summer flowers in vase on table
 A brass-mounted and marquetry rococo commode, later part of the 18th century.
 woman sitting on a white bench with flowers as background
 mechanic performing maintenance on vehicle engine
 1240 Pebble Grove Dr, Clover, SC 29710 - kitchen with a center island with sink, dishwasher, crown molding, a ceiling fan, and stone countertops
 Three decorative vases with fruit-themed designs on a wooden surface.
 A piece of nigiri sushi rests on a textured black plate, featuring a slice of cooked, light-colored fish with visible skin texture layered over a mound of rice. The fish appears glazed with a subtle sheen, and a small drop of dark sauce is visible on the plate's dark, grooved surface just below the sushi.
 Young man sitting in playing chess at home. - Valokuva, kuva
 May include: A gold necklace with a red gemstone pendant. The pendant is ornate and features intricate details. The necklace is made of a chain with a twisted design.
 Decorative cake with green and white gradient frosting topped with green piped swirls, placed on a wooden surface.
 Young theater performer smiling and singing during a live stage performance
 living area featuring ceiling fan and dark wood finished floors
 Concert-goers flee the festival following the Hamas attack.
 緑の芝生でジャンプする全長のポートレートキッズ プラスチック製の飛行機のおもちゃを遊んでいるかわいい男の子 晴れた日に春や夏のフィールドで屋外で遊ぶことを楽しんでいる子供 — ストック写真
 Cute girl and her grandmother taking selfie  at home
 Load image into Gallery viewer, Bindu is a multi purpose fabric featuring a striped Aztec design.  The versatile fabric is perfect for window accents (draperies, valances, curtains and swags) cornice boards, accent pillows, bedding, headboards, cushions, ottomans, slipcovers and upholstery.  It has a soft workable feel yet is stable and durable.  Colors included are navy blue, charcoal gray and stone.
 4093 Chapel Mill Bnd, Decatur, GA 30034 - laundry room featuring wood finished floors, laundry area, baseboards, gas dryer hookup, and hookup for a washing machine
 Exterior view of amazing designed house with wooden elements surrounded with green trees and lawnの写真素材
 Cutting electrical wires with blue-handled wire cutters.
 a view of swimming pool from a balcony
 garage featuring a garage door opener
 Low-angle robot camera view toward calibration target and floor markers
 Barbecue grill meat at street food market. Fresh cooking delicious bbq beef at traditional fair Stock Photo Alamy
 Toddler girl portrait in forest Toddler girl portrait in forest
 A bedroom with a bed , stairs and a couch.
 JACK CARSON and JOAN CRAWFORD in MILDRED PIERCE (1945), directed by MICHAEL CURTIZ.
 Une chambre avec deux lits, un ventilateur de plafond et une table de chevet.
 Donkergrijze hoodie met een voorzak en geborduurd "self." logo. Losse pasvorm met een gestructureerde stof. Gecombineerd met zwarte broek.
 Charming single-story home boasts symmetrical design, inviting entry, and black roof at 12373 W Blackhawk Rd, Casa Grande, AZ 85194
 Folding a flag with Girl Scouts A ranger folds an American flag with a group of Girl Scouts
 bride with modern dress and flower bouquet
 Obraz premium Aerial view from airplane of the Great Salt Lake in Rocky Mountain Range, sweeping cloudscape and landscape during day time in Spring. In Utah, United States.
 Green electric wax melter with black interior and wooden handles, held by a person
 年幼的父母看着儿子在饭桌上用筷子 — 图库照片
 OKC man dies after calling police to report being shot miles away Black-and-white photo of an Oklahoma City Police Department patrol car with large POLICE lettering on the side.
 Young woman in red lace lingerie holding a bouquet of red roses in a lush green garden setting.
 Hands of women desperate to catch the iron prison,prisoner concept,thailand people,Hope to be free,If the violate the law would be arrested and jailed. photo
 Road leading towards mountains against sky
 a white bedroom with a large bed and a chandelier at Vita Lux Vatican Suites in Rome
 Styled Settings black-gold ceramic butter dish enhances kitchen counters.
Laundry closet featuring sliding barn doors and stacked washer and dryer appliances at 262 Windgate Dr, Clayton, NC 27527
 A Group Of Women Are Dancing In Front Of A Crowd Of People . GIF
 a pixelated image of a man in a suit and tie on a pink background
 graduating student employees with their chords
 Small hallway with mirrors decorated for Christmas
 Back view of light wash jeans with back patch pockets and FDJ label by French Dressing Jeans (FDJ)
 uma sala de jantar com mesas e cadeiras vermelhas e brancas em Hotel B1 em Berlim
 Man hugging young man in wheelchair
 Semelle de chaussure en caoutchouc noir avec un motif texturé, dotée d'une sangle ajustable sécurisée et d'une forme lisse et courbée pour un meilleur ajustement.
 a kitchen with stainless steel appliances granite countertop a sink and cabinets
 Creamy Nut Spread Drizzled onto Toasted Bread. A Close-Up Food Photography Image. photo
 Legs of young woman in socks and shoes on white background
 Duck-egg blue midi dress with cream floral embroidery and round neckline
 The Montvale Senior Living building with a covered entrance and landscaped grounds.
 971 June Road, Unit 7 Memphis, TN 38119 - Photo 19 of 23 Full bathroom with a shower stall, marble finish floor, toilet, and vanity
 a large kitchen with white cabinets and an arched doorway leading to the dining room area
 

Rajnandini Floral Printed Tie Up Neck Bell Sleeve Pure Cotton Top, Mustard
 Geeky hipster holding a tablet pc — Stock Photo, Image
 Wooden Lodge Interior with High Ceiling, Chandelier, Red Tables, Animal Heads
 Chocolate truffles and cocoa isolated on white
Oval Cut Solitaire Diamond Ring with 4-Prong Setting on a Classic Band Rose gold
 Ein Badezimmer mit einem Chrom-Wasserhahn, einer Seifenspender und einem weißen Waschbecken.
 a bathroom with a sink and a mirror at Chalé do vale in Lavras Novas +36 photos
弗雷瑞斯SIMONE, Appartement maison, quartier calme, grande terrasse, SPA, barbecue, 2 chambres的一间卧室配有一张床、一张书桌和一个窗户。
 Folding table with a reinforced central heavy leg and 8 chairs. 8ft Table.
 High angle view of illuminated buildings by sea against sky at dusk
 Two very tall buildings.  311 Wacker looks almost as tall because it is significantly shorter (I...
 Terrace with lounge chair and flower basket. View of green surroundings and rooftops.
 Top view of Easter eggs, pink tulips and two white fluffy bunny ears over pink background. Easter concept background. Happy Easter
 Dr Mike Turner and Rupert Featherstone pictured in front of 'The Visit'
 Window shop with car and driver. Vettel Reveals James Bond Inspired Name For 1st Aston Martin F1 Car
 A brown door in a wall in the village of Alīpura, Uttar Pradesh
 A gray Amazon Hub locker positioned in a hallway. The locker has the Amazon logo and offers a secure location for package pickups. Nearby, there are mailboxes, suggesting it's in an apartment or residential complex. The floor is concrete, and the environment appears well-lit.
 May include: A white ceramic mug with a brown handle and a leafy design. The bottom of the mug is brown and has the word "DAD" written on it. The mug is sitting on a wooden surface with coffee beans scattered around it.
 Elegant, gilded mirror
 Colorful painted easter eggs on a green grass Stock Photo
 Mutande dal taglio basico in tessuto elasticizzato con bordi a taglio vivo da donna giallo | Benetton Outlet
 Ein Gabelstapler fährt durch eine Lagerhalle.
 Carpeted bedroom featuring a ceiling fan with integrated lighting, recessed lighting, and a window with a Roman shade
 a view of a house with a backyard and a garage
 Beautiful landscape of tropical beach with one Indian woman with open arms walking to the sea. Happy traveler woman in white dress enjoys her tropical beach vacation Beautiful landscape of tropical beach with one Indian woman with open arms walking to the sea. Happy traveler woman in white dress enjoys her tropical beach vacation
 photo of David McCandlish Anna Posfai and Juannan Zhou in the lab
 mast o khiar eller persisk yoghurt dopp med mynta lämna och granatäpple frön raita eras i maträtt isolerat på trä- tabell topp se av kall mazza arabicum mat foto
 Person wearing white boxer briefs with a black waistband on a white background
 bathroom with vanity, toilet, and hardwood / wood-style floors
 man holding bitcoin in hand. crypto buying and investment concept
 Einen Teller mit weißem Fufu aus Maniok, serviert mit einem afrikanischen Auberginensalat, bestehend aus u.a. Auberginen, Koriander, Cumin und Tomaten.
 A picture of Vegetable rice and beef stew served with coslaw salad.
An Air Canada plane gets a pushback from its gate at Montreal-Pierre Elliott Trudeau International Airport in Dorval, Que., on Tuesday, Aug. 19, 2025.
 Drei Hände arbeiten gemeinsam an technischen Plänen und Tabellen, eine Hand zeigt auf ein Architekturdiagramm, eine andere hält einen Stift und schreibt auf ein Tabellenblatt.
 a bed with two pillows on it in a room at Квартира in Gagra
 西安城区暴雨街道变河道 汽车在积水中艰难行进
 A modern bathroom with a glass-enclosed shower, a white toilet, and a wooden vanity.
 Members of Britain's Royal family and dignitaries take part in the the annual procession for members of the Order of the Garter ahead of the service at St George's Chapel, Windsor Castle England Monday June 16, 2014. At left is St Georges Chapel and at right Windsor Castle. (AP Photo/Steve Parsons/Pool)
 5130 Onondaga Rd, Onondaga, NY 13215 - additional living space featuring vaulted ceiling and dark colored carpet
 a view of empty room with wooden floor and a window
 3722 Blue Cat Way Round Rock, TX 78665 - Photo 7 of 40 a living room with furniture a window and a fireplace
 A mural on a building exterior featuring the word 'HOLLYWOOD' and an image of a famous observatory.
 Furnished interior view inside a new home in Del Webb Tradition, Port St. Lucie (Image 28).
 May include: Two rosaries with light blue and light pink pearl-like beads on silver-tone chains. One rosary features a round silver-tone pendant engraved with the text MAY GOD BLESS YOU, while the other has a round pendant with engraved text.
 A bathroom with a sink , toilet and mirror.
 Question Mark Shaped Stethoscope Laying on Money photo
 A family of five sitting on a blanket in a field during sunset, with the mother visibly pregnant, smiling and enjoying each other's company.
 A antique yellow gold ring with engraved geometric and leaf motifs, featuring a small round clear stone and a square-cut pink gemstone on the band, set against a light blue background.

- [Work request] Using the records above, find and show each line with the string "gemstone".

- [Response for this exercise]
 May include: A gold necklace with a red gemstone pendant. The pendant is ornate and features intricate details. The necklace is made of a chain with a twisted design.
 A antique yellow gold ring with engraved geometric and leaf motifs, featuring a small round clear stone and a square-cut pink gemstone on the band, set against a light blue background.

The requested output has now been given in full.